Given material:
━━━━

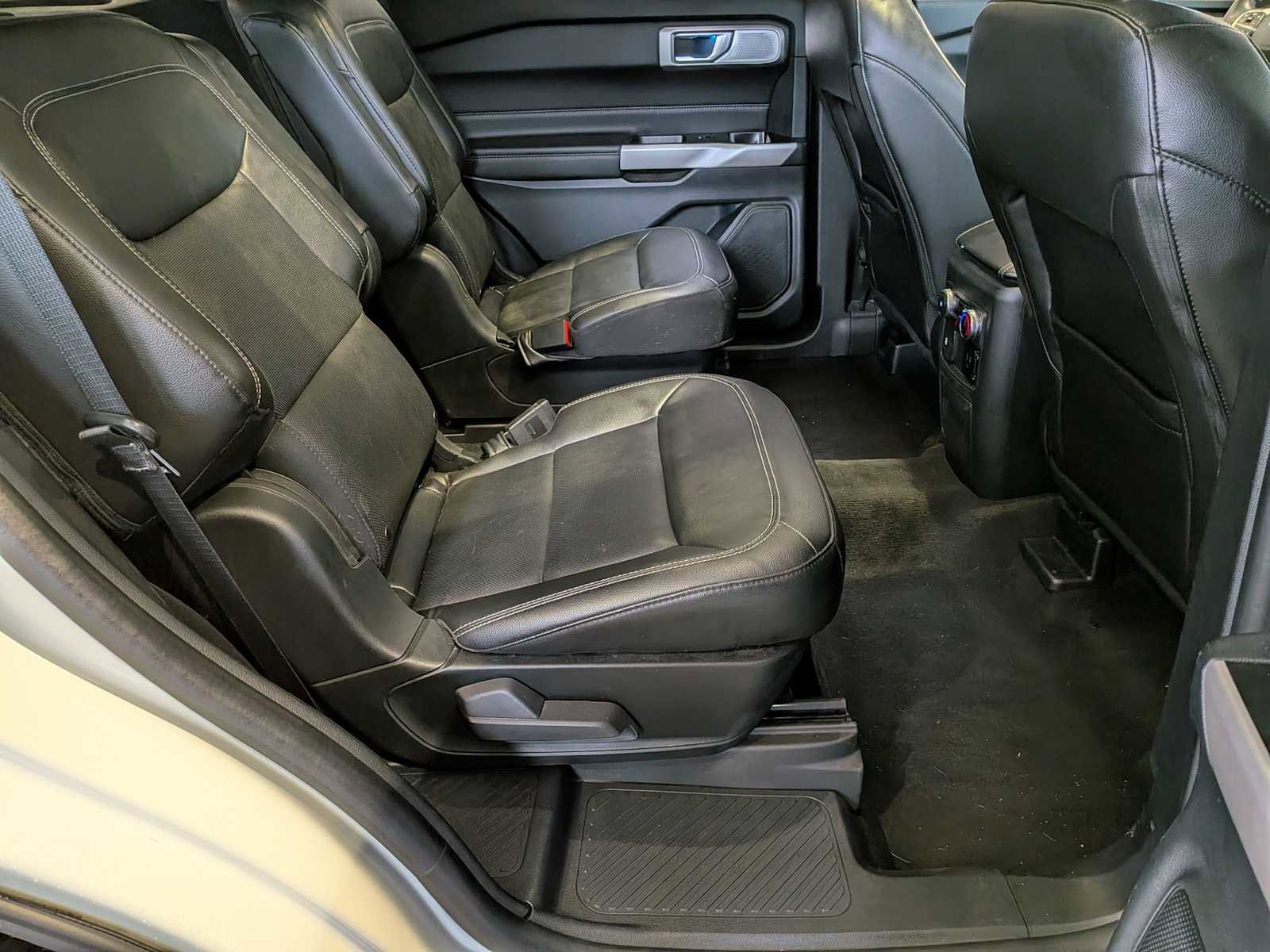 Used 2023 Ford Explorer Limited w/ Hybrid Equipment Group 310A image 19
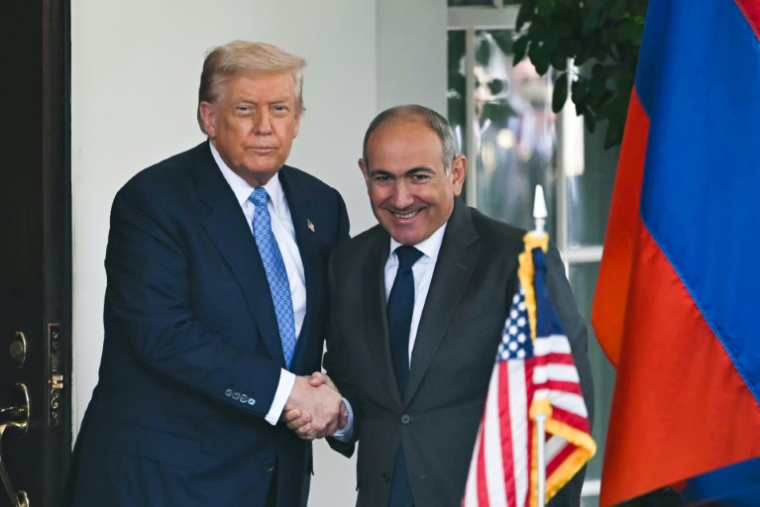 Le président américain Donald Trump reçoit le Premier ministre arménien Nikol Pashinyan à la Maison Blanche le 8 août 2025 ( AFP / ANDREW CABALLERO-REYNOLDS )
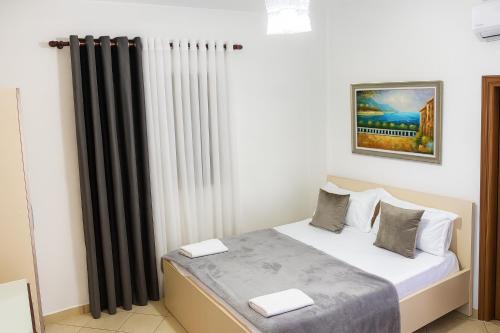 Deni's Family Apartment in New BLVD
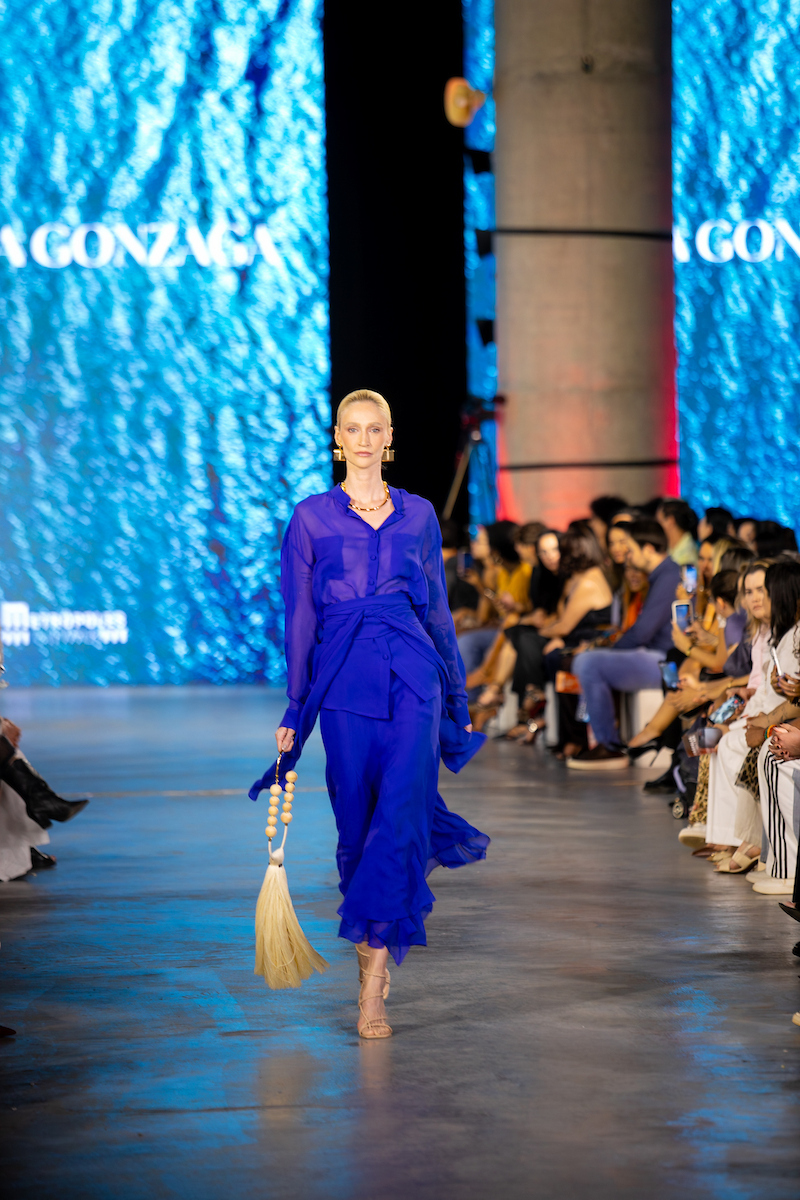 Vivi Orth no desfile da Letícia Gonzaga na terceira edição do evento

━━━━

Exercise directions: The material above is to be set down exactly, with pictures removed.

Answer for this exercise:
 Used 2023 Ford Explorer Limited w/ Hybrid Equipment Group 310A image 19
 Le président américain Donald Trump reçoit le Premier ministre arménien Nikol Pashinyan à la Maison Blanche le 8 août 2025 ( AFP / ANDREW CABALLERO-REYNOLDS )
 Deni's Family Apartment in New BLVD
 Vivi Orth no desfile da Letícia Gonzaga na terceira edição do evento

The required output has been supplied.